Un autre événement en Serbie, quelques jours seulement après le sommet de Belgrade, a donné un aperçu du potentiel de la chaîne de valeur.

A Kragujevac, surnommée le « Detroit serbe » en raison de son industrie automobile omniprésente, le géant automobile Stellantis a inauguré une nouvelle ligne de production et lancé la première voiture électrique fabriquée en Serbie, une nouvelle Fiat Grande Panda. La ligne emploiera 2 000 salariés.

S’exprimant lors de l’événement, le directeur exécutif de Stellantis, Carlos Tavares, a déclaré que la société examinerait le nouvel accord sur le lithium entre la Serbie et l’UE.

« Le plus gros point faible des voitures électriques est leur prix abordable », a-t-il déclaré. « Je pense donc que c’est une bonne décision et nous en faisons bien sûr partie. Nous allons chercher à obtenir une bonne proposition pour l’achat de cette initiative (mémorandum). »

« Je pense que cela a tout son sens », a ajouté Tavares.

Le président serbe Aleksandar Vucic s'exprime lors de la cérémonie d'inauguration d'une nouvelle usine d'assemblage pour Fiat Grande Panda dans l'usine Stellantis à Kragujevac, le 22 juillet 2024
Le président serbe Aleksandar Vucic s’exprime lors de la cérémonie d’inauguration d’une nouvelle usine d’assemblage pour Fiat Grande Panda dans l’usine Stellantis à Kragujevac, le 22 juillet 2024

L’exploitation du lithium peut-elle vraiment être verte ?

Cependant, l’ombre de la préoccupation majeure qui a poussé le peuple serbe dans la rue il y a deux ans plane toujours : l’extraction du lithium peut-elle se faire sans conséquences environnementales désastreuses ?

Lors du sommet de Belgrade, tous les regards étaient tournés vers les garanties que l’Europe pourrait donner à la Serbie pour assurer une exploitation minière écologiquement responsable. Et les participants le savaient.

Šefčovič a déclaré lors de l’événement que « l’intention claire » de l’UE est de respecter les « normes environnementales les plus élevées ».
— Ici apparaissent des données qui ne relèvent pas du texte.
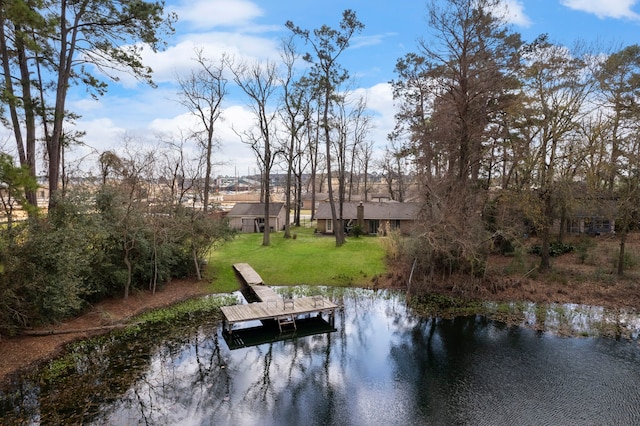 view of dock with a water view and a lawn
« Nous disposons du cadre réglementaire le plus complet », a-t-il déclaré. « Chaque batterie sera dotée d’un passeport, un code QR qui permettra d’accéder à des informations telles que l’empreinte carbone, la garantie de recyclage, le traitement équitable des personnes de la chaîne de valeur. Ce sera le sceau des normes les plus élevées. »
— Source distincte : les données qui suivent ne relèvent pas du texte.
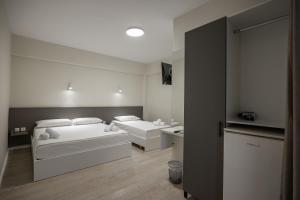 Postel nebo postele na pokoji v ubytování Meraki Hotel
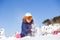 Picture of sports woman sitting in snowdrift, snow-throwing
Des gens participent à une manifestation contre la pollution et l'exploitation d'une mine de lithium dans l'ouest du pays, à Belgrade, en Serbie, le 11 septembre 2021.
Des gens participent à une manifestation contre la pollution et l’exploitation d’une mine de lithium dans l’ouest du pays, à Belgrade, en Serbie, le 11 septembre 2021.

Scholz a ajouté que l’implication de l’UE devrait aller au-delà de la mise en place d’un cadre réglementaire.

« Nous ne sommes pas ici pour simplement inciter, mais pour être présents en tant que partenaires dans l’application de solutions écologiquement acceptables en utilisant l’expertise de nos ingénieurs miniers », a-t-il expliqué.

« Nous allons le faire, partager l’expertise que nos experts ont accumulée au fil des siècles et qui est parmi les meilleures au monde. Nous le ferons pour garantir le succès de notre projet commun. »

Le chancelier a ajouté qu’il avait dit aux dirigeants de Rio Tinto que le projet ne serait autorisé à se poursuivre que s’il respectait les normes les plus élevées et qu’il avait reçu des assurances à cet effet.

Alors que les écologistes et les organisations locales de Jadar restent sceptiques et maintiennent que l’eau et la nourriture sont en fait les ressources stratégiques de la Serbie pour l’avenir, le gouvernement serbe a délivré des dizaines de licences d’exploration à des sociétés minières, de sorte que le projet semble progresser à un rythme soutenu.